Nearly all of the papers that we've found in which researchers were doing terrain classification from laser data also used data from other sensors (color cameras, usually) to aid in the classification. In the coming week, our team is planning to get together and try to figure out how to either use additional data, or to try to find some other method to enable us to do terrain classification. I'm definitely hoping that we can figure something out, firstly so the thing will work and I won't feel like I wasted my summer, and secondly so I have something to write about in the "final report" paper that the DMP requires that I write. Having success to report would be quite nice...
Ninth Week (August 5 - 11):
This week was pretty much one giant 180 degree change from what I'd been doing for the past eight weeks. For starters, we switched from using MATLAB to using Weka, a Java-based collection of data mining and machine learning tools that turned out to have a much easier-to-use interface than did MATLAB, which makes me wish very much that we had decided to use it sooner. Unfortunately, when one is not working with the GUI, Weka turned out to be rather harder and not very well documented. I could train a neural network in the GUI, but to make an actual terrain classifier module, I had to wrap the neural net in a Java class and figure out how to interface with it. It took me an afternoon and a morning to figure out how to give the classifier a set of data and get back a classification, which shows how convoluted the inner workings of Weka classes are. After I figured that bit out, the rest of the program took about four hours to finish, test, and document.
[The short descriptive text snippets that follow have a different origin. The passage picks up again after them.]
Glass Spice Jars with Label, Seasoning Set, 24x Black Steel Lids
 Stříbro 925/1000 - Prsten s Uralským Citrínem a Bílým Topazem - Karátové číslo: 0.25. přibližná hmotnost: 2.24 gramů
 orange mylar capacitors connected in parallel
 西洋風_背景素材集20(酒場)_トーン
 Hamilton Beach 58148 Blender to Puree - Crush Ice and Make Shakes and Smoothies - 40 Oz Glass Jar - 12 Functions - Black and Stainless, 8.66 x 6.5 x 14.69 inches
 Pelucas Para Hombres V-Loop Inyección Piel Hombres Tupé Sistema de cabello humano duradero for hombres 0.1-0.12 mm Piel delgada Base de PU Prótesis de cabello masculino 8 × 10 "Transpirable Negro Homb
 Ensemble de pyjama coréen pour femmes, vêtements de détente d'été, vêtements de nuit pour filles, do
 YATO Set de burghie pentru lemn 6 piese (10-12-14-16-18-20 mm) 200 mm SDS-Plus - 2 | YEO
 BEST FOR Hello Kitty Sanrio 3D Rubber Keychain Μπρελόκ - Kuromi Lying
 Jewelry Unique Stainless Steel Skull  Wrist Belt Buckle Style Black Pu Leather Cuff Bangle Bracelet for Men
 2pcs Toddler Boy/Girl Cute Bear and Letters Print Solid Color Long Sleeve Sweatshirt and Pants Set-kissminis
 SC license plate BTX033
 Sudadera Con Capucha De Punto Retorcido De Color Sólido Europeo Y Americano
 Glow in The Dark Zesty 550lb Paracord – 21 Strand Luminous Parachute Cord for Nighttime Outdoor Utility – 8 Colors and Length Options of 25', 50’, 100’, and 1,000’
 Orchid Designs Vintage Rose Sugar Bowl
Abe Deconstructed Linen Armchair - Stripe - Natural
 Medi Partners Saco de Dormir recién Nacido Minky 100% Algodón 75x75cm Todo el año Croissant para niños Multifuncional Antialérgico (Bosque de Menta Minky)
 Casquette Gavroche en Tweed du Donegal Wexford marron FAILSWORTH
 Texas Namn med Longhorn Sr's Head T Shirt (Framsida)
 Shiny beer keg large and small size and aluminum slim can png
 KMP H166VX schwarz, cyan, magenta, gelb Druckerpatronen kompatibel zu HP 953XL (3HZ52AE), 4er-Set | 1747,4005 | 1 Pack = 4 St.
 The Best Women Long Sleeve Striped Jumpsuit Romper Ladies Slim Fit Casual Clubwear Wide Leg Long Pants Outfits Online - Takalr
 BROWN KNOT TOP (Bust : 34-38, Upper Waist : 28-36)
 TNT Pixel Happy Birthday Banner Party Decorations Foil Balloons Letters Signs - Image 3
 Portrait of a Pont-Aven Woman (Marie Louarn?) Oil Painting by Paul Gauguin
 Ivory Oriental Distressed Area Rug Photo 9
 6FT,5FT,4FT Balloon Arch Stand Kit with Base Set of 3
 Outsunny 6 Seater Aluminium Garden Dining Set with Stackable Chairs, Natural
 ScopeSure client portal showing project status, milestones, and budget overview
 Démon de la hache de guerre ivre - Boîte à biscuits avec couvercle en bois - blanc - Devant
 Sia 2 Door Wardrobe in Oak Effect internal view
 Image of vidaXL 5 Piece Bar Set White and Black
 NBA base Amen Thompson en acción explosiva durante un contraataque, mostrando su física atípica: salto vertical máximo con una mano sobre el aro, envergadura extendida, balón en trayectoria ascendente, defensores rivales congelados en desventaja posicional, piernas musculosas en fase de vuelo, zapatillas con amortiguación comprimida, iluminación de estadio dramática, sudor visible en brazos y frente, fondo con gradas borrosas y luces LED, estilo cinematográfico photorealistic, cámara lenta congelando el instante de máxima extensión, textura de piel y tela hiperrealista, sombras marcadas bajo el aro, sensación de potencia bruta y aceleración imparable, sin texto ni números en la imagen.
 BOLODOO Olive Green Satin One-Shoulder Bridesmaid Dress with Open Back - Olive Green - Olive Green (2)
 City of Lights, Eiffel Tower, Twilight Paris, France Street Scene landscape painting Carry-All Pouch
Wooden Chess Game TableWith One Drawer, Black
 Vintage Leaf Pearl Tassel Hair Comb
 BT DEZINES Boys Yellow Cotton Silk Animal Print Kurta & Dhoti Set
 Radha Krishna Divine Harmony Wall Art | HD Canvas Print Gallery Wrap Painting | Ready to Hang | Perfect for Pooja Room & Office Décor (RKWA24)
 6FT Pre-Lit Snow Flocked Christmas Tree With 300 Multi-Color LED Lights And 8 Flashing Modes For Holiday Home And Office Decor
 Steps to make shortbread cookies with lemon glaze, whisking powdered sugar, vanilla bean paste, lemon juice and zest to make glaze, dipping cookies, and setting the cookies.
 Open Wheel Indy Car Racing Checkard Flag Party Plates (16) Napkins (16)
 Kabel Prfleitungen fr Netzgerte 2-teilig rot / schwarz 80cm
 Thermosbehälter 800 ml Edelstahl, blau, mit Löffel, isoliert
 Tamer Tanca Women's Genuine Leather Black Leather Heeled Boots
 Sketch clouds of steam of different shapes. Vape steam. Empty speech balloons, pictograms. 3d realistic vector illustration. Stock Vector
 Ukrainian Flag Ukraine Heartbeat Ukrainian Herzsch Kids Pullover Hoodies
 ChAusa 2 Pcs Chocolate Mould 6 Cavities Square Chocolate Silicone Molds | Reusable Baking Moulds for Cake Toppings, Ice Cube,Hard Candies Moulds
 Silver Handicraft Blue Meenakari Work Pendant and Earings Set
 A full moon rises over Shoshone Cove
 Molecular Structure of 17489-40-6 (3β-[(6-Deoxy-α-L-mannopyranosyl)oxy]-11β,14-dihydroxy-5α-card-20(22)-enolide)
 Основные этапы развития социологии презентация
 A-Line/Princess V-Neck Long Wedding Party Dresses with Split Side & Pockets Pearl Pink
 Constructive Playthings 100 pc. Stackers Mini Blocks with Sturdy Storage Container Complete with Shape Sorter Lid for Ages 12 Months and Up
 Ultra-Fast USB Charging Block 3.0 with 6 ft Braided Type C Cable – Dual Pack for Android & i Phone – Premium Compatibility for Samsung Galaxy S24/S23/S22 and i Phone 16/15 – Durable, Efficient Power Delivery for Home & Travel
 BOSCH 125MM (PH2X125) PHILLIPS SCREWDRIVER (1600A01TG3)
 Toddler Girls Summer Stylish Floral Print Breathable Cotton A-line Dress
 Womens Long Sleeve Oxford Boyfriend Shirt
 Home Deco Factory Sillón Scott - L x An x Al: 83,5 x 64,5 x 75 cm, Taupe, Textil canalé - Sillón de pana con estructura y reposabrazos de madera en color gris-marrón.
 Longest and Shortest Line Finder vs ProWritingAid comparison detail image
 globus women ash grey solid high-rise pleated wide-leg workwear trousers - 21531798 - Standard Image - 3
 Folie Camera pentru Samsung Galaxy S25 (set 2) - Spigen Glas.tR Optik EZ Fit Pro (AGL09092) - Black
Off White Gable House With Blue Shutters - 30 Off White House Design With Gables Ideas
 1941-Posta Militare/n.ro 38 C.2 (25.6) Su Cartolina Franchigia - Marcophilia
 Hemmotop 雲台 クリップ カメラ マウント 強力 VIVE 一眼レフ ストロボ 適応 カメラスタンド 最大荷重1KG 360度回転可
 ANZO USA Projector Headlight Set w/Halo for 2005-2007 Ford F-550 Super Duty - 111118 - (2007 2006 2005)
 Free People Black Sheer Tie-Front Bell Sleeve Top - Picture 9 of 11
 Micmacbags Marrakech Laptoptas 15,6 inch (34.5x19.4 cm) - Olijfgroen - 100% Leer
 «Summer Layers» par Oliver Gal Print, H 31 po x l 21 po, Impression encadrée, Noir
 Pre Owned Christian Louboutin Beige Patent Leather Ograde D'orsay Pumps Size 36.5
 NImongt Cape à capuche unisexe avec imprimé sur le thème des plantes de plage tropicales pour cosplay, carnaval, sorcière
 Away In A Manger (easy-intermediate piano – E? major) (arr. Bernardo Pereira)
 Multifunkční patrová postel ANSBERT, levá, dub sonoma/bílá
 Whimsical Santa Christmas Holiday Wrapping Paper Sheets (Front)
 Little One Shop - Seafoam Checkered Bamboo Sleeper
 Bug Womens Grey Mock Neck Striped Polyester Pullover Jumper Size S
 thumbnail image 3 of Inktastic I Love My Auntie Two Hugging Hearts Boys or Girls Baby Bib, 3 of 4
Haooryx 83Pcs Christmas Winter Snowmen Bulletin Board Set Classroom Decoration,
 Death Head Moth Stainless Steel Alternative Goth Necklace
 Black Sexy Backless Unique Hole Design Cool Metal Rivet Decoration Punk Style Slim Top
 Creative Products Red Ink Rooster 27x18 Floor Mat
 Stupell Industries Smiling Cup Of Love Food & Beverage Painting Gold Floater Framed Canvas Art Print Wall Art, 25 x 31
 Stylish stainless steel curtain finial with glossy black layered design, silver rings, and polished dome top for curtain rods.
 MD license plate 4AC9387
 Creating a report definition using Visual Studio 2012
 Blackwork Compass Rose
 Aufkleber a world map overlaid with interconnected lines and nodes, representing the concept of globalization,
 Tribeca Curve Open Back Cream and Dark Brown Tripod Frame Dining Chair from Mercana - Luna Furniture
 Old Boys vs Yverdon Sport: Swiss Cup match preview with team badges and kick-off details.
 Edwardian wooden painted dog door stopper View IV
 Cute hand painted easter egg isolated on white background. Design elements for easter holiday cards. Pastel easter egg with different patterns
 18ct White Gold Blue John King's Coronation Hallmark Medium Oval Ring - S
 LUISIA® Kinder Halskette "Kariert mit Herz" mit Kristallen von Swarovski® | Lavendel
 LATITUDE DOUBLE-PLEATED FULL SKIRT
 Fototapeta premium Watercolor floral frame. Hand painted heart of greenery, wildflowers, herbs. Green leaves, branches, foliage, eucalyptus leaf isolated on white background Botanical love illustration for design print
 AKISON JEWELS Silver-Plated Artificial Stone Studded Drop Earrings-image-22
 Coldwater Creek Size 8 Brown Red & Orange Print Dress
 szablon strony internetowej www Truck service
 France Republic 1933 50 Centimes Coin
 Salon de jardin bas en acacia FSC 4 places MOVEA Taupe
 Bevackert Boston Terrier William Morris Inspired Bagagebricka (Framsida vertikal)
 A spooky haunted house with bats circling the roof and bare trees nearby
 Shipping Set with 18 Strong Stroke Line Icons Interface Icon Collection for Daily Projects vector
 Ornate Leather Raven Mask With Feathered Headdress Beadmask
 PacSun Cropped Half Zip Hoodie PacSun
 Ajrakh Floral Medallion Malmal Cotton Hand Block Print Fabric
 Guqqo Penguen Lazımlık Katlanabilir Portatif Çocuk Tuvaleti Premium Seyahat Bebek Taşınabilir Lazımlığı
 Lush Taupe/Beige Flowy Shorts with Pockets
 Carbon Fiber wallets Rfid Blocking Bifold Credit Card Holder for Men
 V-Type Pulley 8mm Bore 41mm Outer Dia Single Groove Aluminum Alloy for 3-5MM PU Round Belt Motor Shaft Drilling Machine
Fortunately, the classifier actually does work now, and does a pretty good job classifying the data that I tested it on. Due to the fact that our old features were basically useless, we read through some more papers and decided to go with a feature-extraction method that people at Carnegie-Mellon have used. This method involves taking a bunch of laserdata points and running a Principle Component Analysis on them, which returns a set of "principle components" (which are eigenvectors, I believe) and the corresponding eigenvalues. By using the three largest eigenvalues we calculate point-ness, curve-ness, and surface-ness features (read my paper for details; I'm not explaining them again!). Fortunately, the classifier learned much better with these, and we ended up with something like an 80% accuracy rate. Our machine learning method ended up changing to a Naive Bayes Decision Tree (a decision tree with Naive Bayes classifiers at the leaves) because it had the best performance of the several different methods that we tested via the handy Weka GUI. One downside: in order to simplify the task, we limited the classifier to labeling things "grass", "asphalt", or "unknown". At least it is fairly good at classifying things similar to or containing grass or asphalt as such.
After finally coming up with a functional classifier, I finally had something to write a paper about, so the better part of the last three days was spent preparing this, my Final Report. Enjoy!